(Saved entries)

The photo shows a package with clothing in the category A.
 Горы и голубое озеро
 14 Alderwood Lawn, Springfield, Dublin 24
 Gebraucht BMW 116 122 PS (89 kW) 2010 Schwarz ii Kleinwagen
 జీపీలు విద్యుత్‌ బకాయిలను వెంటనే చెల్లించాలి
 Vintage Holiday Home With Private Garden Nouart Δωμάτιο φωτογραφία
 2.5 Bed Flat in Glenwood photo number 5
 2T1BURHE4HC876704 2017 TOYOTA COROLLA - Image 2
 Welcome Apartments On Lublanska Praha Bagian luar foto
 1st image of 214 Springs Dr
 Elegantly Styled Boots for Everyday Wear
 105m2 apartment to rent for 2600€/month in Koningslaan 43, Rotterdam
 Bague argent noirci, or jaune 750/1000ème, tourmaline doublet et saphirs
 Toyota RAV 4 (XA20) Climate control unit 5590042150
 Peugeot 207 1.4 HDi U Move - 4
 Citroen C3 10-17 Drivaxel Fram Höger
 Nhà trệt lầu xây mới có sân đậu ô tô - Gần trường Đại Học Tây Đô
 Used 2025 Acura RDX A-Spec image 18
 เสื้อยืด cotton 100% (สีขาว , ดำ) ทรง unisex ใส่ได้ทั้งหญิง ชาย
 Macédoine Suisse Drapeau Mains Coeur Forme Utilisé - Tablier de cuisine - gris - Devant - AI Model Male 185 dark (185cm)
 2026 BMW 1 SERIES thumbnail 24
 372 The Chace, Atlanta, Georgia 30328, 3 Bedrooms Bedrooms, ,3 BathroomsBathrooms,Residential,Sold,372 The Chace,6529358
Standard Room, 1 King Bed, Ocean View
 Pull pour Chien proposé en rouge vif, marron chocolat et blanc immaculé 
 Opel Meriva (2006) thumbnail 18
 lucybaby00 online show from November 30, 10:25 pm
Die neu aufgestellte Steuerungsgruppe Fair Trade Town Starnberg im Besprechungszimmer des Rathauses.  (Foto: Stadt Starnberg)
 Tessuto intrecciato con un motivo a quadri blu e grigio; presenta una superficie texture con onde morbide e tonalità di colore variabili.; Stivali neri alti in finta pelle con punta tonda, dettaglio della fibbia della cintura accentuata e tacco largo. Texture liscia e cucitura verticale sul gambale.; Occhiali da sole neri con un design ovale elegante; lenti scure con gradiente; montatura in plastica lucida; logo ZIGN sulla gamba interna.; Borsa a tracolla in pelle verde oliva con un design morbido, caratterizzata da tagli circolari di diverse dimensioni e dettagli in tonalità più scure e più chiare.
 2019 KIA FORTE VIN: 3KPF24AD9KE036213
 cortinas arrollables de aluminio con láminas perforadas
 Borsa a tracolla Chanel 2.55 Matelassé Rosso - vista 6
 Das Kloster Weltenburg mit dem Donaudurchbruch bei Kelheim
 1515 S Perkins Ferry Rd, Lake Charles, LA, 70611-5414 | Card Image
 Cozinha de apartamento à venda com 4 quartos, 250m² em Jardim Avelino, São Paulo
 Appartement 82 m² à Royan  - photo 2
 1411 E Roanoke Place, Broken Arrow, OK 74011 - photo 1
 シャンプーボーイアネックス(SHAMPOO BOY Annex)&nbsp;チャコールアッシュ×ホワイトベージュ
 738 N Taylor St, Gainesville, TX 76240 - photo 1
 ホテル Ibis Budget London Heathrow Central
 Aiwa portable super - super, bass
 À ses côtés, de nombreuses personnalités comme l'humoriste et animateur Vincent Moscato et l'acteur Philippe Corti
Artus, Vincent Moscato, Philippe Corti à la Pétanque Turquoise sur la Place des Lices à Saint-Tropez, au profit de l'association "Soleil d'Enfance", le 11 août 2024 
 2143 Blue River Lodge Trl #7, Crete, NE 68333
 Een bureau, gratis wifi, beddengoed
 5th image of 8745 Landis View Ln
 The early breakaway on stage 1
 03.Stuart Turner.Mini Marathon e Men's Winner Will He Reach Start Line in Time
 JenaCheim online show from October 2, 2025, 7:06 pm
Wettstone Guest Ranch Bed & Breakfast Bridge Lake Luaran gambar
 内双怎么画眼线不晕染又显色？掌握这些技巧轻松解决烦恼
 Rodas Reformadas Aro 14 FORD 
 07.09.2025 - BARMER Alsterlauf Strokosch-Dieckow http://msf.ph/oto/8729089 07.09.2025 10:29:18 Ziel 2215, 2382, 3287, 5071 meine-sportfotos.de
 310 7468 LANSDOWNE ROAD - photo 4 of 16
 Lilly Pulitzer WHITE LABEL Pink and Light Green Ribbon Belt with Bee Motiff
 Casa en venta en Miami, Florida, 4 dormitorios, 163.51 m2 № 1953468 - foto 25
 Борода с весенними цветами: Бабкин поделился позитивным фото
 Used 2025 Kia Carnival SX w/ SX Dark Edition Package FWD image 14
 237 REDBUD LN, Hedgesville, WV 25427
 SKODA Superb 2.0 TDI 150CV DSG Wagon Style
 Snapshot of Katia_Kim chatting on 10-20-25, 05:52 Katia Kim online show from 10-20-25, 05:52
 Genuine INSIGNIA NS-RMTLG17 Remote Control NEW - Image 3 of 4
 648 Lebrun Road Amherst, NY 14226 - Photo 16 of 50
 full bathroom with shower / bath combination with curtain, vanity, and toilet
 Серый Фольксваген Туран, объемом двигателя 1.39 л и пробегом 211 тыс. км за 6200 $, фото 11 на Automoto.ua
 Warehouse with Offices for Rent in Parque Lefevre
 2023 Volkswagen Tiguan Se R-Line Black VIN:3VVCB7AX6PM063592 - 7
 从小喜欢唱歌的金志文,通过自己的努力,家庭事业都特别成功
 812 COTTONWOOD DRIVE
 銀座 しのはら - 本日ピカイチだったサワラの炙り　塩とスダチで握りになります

Problem requirements: Output, from the data above, the lines from the line with "Opel Meriva (2006) thumbnail 18" to the line with "cortinas arrollables de" exactly as they stand, both ends included and nothing else.

Task solution:
 Opel Meriva (2006) thumbnail 18
 lucybaby00 online show from November 30, 10:25 pm
Die neu aufgestellte Steuerungsgruppe Fair Trade Town Starnberg im Besprechungszimmer des Rathauses.  (Foto: Stadt Starnberg)
 Tessuto intrecciato con un motivo a quadri blu e grigio; presenta una superficie texture con onde morbide e tonalità di colore variabili.; Stivali neri alti in finta pelle con punta tonda, dettaglio della fibbia della cintura accentuata e tacco largo. Texture liscia e cucitura verticale sul gambale.; Occhiali da sole neri con un design ovale elegante; lenti scure con gradiente; montatura in plastica lucida; logo ZIGN sulla gamba interna.; Borsa a tracolla in pelle verde oliva con un design morbido, caratterizzata da tagli circolari di diverse dimensioni e dettagli in tonalità più scure e più chiare.
 2019 KIA FORTE VIN: 3KPF24AD9KE036213
 cortinas arrollables de aluminio con láminas perforadas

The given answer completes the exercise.